[Start of Attachment]

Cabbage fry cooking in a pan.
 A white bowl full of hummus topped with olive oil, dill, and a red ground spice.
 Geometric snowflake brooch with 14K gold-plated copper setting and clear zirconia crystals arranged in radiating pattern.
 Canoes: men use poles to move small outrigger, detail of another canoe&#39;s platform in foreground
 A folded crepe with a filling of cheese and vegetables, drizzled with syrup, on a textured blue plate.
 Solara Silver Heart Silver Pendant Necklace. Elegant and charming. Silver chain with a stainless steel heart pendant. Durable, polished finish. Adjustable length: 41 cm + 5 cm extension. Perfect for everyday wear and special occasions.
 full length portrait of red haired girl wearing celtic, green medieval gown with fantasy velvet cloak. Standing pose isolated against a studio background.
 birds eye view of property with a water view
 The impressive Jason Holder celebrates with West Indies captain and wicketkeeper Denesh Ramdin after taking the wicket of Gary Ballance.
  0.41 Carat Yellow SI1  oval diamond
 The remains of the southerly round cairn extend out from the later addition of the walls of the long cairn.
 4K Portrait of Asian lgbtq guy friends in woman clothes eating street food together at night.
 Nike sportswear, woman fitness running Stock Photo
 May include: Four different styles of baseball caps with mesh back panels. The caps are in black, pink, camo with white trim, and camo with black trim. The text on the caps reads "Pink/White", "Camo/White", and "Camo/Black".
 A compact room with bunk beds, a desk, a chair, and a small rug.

[End of Attachment]

#### [PROBLEM]
The expected answer is a copy of every line in the entries that holds the word "white".

#### [SOLUTION]
 A white bowl full of hummus topped with olive oil, dill, and a red ground spice.
 May include: Four different styles of baseball caps with mesh back panels. The caps are in black, pink, camo with white trim, and camo with black trim. The text on the caps reads "Pink/White", "Camo/White", and "Camo/Black".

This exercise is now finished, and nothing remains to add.